--- Data shown Enclosed Below ---

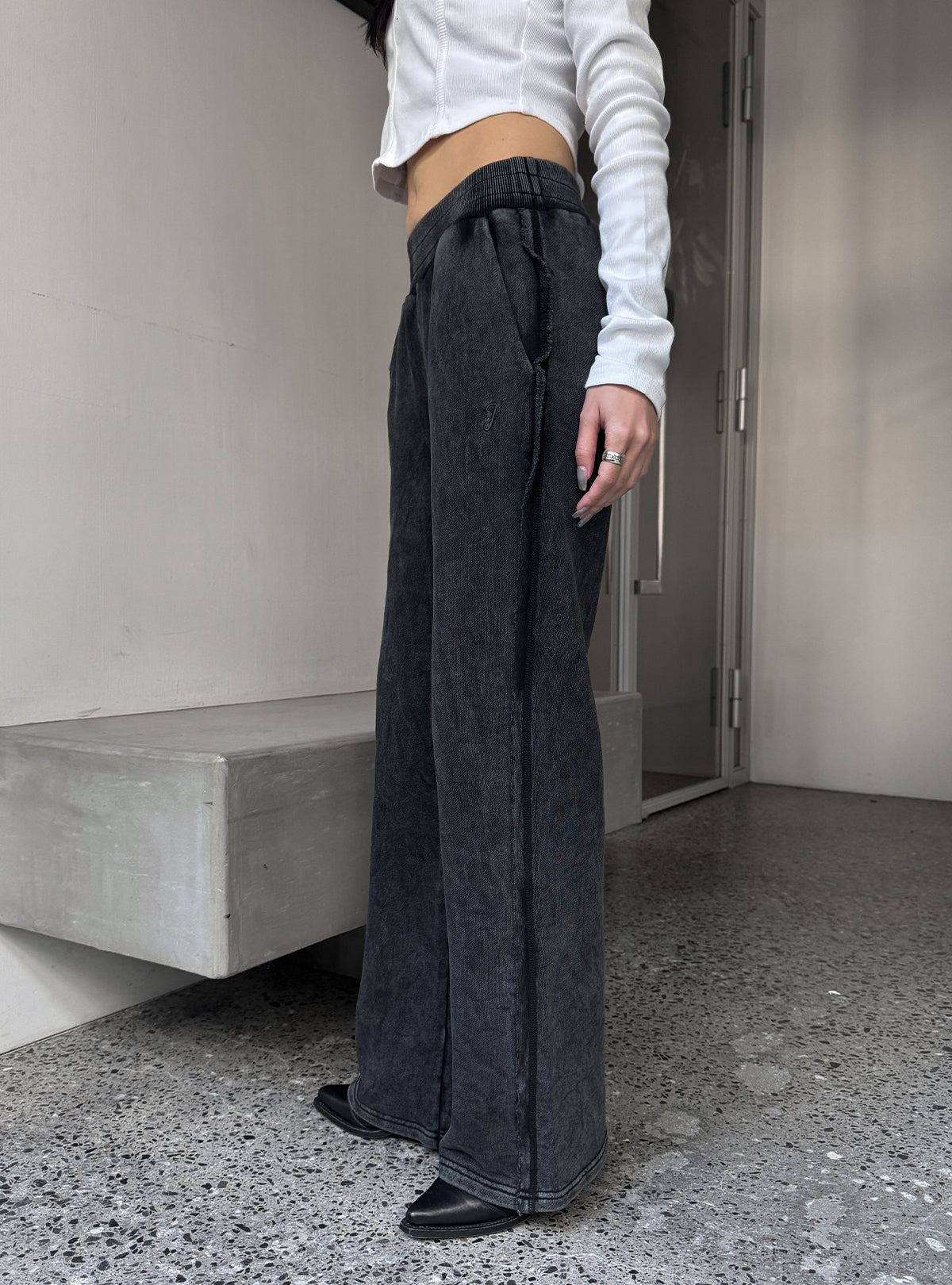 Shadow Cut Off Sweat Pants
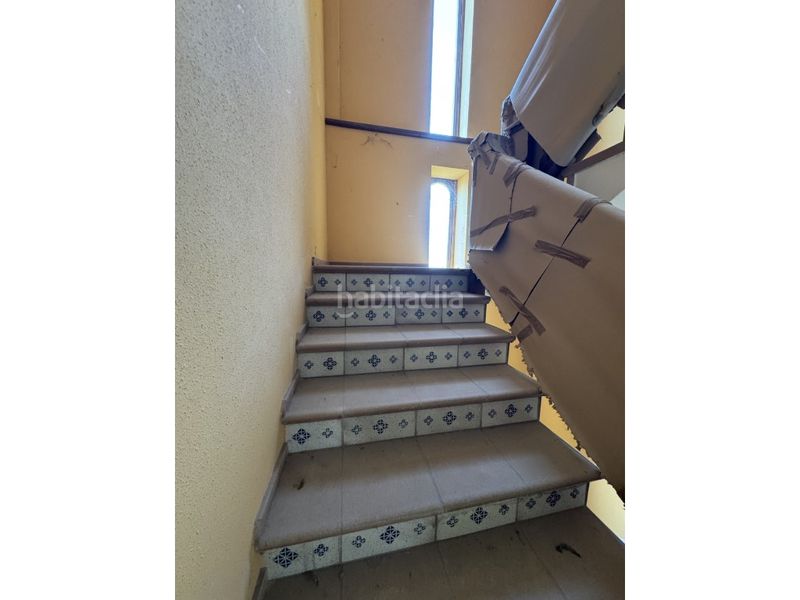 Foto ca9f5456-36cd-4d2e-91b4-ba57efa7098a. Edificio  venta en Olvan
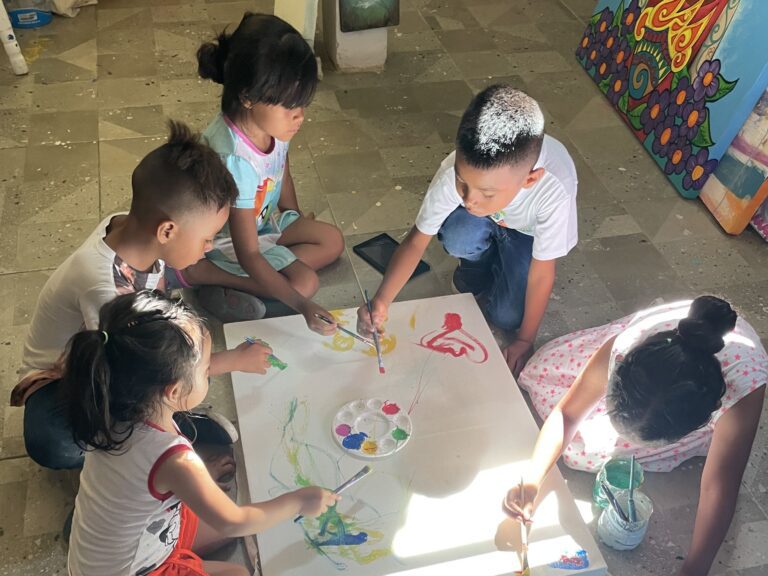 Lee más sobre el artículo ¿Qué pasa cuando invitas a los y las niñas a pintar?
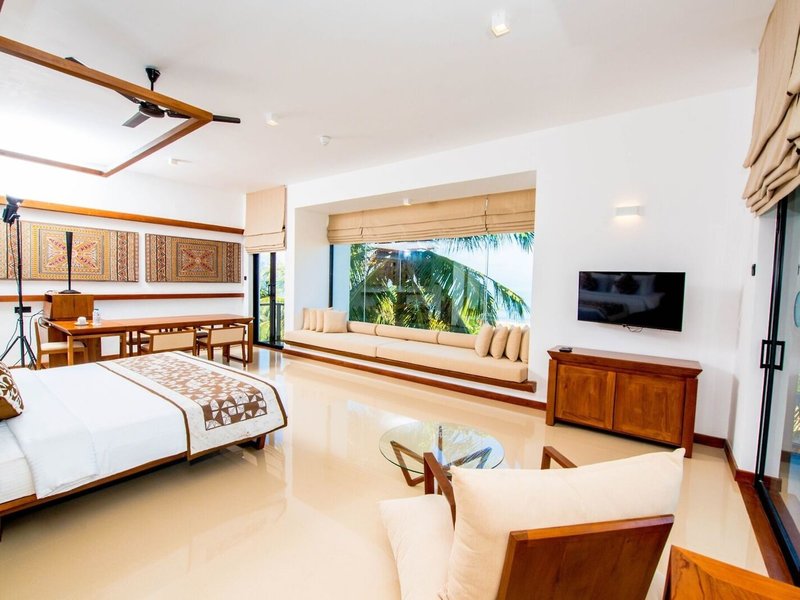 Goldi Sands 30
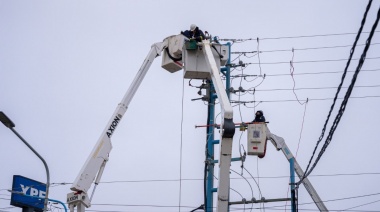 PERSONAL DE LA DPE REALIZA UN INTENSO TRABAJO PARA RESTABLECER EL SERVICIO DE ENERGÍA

--- End of Enclosed Data shown ---

Retype all of the data above word for word, excluding the pictures.

**Task solution**
 Shadow Cut Off Sweat Pants
 Foto ca9f5456-36cd-4d2e-91b4-ba57efa7098a. Edificio  venta en Olvan
 Lee más sobre el artículo ¿Qué pasa cuando invitas a los y las niñas a pintar?
 Goldi Sands 30
 PERSONAL DE LA DPE REALIZA UN INTENSO TRABAJO PARA RESTABLECER EL SERVICIO DE ENERGÍA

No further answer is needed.